Palace of Versailles
The Palace of Versailles is the central part of a complex that housed the French government, most notably its royalty, during the reigns of Louis XIV (France’s famed “Sun King”), Louis XV and Louis XVI. After the French Revolution in 1789, it ceased to be a permanent royal residence.
Located about 10 miles (16 kilometers) southwest of Paris, it is beside the settlement of Versailles. Before the construction of the palace by Louis XIV, this settlement was little more than a hamlet but by the time of the revolution it had a population of more than 60,000 people, making it one of the largest urban centers in France.
Before the revolution, the Versailles complex included the palace, gardens, a walled-in royal hunting ground, a smaller palatial structure known as the Grand (or Marble) Trianon and an estate used by Marie Antoinette, Louis XVI’s queen. Between the palace and the town there are also buildings that housed the war and foreign affairs ministries, residences for those not entitled to live in the palace, stables and a kennel, among other structures.
The palace was chock full of paintings and sculptures, ornately designed rooms (like the “Hall of Mirrors”) and even technological innovations — such as pressurized water fountains in its gardens that jetted water into the air — and an opera house with a mechanical device that allowed the orchestra pit to rise up to the stage, allowing it to be turned into a dance or banqueting hall.
Overall, the palace was built to impress. “Versailles is a mirage, a sumptuous and theatrical entertainment. It is also a manifestation of glory and power imposed to a great extent by art, luxury, and magnificence,” writes ValĂ©rie Bajou, a modern-day curator at Versailles, in her book "Versailles" (Abrams, 2012).

From hunting lodge to palace
The first thing that attracted France’s kings to Versailles was its prolific game. Louis XIII, who lived 1601-1643, bought up land, built a chateau and went on hunting trips. At the time, much of the land around Versailles was uncultivated allowing wild animals to flourish.
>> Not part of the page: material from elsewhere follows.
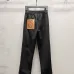 loewe pants for MEN #B55135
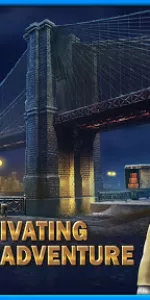 New York Mysteries 1 app screenshot 11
The chateau Louis XIII built was little more than a hunting lodge having enough space to house the king and a small entourage. It was the “Sun King,” Louis XIV (1638-1715), a ruler who chose the sun as his emblem and believed in centralized government with the king at its center, who would radically transform Versailles making it the seat of France’s government by the time of his death.
He ruled France for 72 years and in that time transformed Versailles by encompassing Louis XIII’s chateau with a palace that contained north and south wings, as well as nearby buildings housing ministries. A series of gardens, created in a formal style, stood to the west of the palace (one of them today is in the shape of a star) and contained sculptures as well as the pressurized fountains capable of launching water high into the air.

“From the outset Louis attached a supreme importance to these water effects. Their virtuosity formed the star turn of a tour of the gardens,” writes Tony Spawforth, a professor at Newcastle University, in his book "Versailles: A Biography of a Palace" (St. Martin’s Press, 2008). “The effects were the work of engineers whose machines made Versailles a hydraulic as much as an artistic wonder.” Unfortunately, Spawforth notes, problems supplying water meant that the fountains could only be turned on during special occasions.
In addition a grand canal, constructed to the west of the garden and running about a mile long, was used for naval demonstrations and had gondolas, donated by the Republic of Venice, manned by gondoliers.
As the French government moved into Versailles, and the king found himself swamped by work in his palace, he built himself the Grand (also called Marble) Trianon, a more modest palatial structure, about a mile (1.6 kilometers) to the northwest of the palace as a private retreat where only he and those invited could visit. Like the palace itself it had an abundant garden whose smells were said to overpower visitors
“The tuberoses drive us away from Trianon every evening,” wrote Madame de Maintenon in a letter dated Aug. 8, 1689. “The excess of fragrance causes men and women to feel ill.” (Source: Versailles official website)
Scholars have suggested a number of factors that led Louis XIV to build a great palace complex at Versailles and move the French government there. It’s been noted that by keeping the king’s residence some distance from Paris, it offered him protection from any civil unrest going on in the city. It also forced the nobles to travel to Versailles and seek lodging in the palace, something that impeded their ability to build up regional power bases that could potentially challenge the king.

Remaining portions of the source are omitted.